Introduction

Veterinary inspection (VI) at slaughterhouses is an important tool used in the control and eradication of bovine tuberculosis (bTB). It is based on detailed observation of the carcasses, which include sampling of compatible lesions with the disease to apply culture and finally confirm the presence of Mycobacterium bovis by bacterial growth; a process which can take several weeks. However, PCR used directly in biological samples, i.e., lung tissue and lymph node (LN), from suspected cattle offers another alternative of diagnostic with more efficiency compared to in vitro culture (Zumárraga et al. 2005).
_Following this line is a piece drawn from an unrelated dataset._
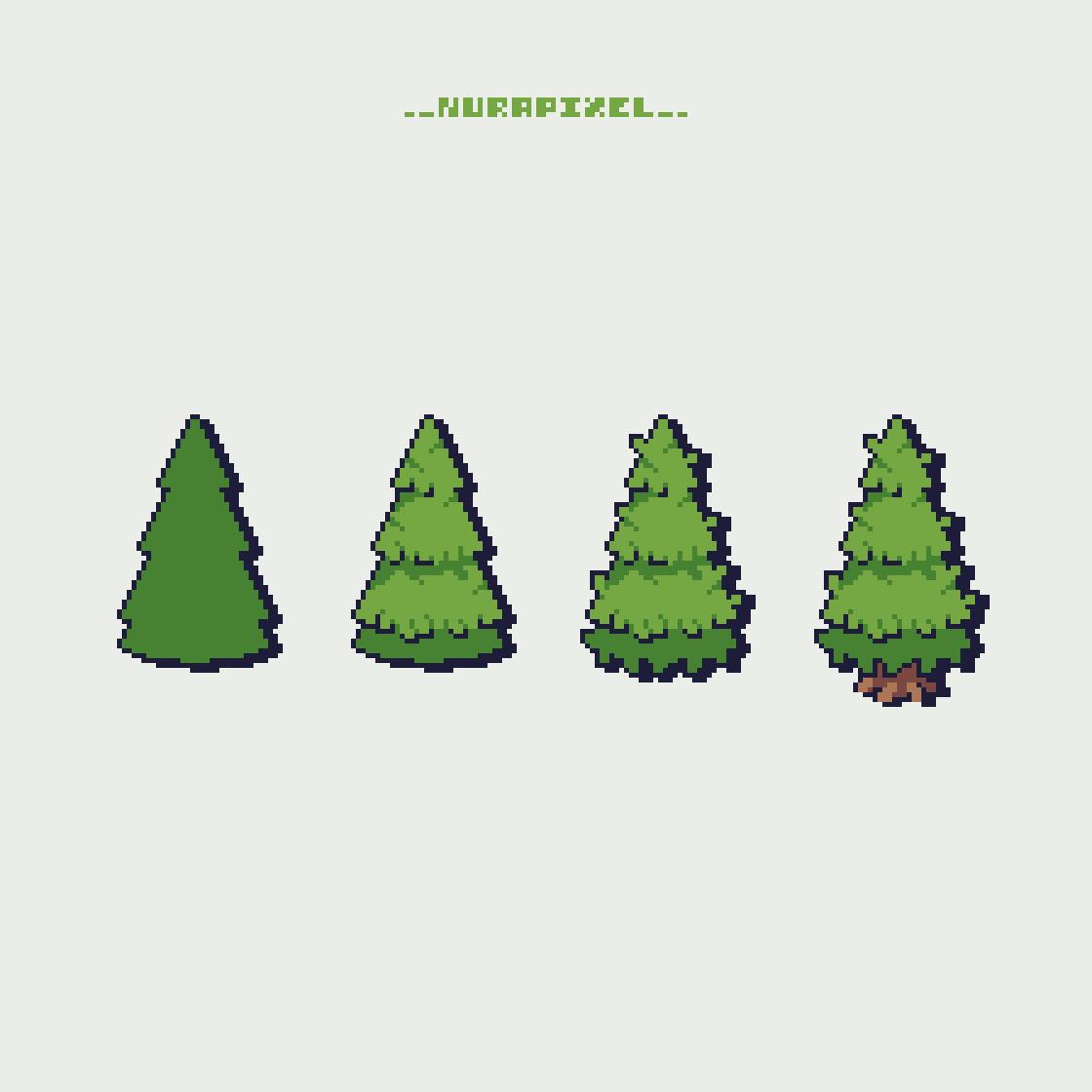 Pixel art tree tutorial I guess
In general, DNA extraction from tissue samples is crucial to improve the success of the test, as well as employing magnetic beads for getting better DNA from clinical tissues samples of people and animals (Shiyang et al. 2013). PCR advantages include speed, high specificity, moderate confirmation of the presence of the bacillus in samples with no visible lesions negative to culture (Parra et al. 2008), and discard of the susceptibility due to the elimination of inhibitors reaction (Taylor et al. 2001). Nevertheless, it is not a perfect test because it has difficulty obtaining DNA in samples with low number of microorganisms (Zarden et al. 2013).
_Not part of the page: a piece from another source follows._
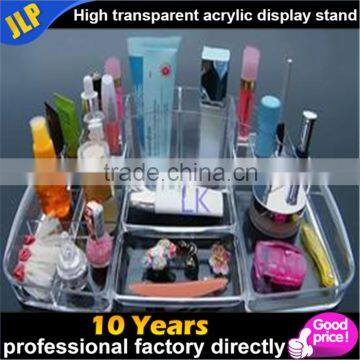 Customized acrylic cosmetic storage containers stand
In Ecuador, the total national prevalence of bTB is still unknown. The cases of the disease are not well documented, published, or quantified for several reasons, i.e., limited animal carrier records, scarce diagnostic testing, and lack of reporting of the disease when suitable (Proaño-Pérez et al. 2011b).

The aim of this study was to estimate the apparent prevalence (AP) and true prevalence (TP) of bTB in the two slaughterhouses from two dairy areas of Ecuador, and evaluate the direct use of nested-PCR (n-PCR) in lung tissue from cattle modifying the protocol described by Mangiapan et al. (1996).

Materials and methods

Study design

This was an exploratory cross-sectional study, applied in two local slaughterhouses: Cayambe (0.04 N–78.14 W) and Pelileo (1.33S–78.54 W), located in Pichincha and Tungurahua provinces, respectively (Fig. 1). These areas were chosen due to a high density of dairy herds and movement of cattle. The methodology comprised two parts: (a) veterinary inspection carried out in 578 cattle randomly selected from farms of nearby abattoirs, and (b) laboratory analysis of the biopsy samples taken from slaughtered cattle during two to three interventions per week. In total, 1,734 biopsy samples were analyzed: in Cayambe from 271 cattle, 813 samples (542 LN and 271 lung); and in Pelileo from 307 cattle, 921 samples (614 LN and 307 lung). In both places, it was considered the sampling method for a homogeneous population, and previously a priori prevalence of 0.15 was used, the confidence level of 95 % and the maximum error was set at 0.04 for each place. Information of each slaughtered animal was recorded by the use of a questionnaire to obtain specific information, i.e., age (≥6 and <6 years), sex, place of origin (province, canton, and parish), owner, and whether or not visible injuries were present during the VI. Finally, to diagnose bTB, the LN samples were process in the laboratory of microbiology, and the lung samples in the molecular biology laboratory of the International Centre for Zoonosis (CIZ).

Fig. 1
figure 1

Map of Ecuador showing the zones of the study (INEC 2012)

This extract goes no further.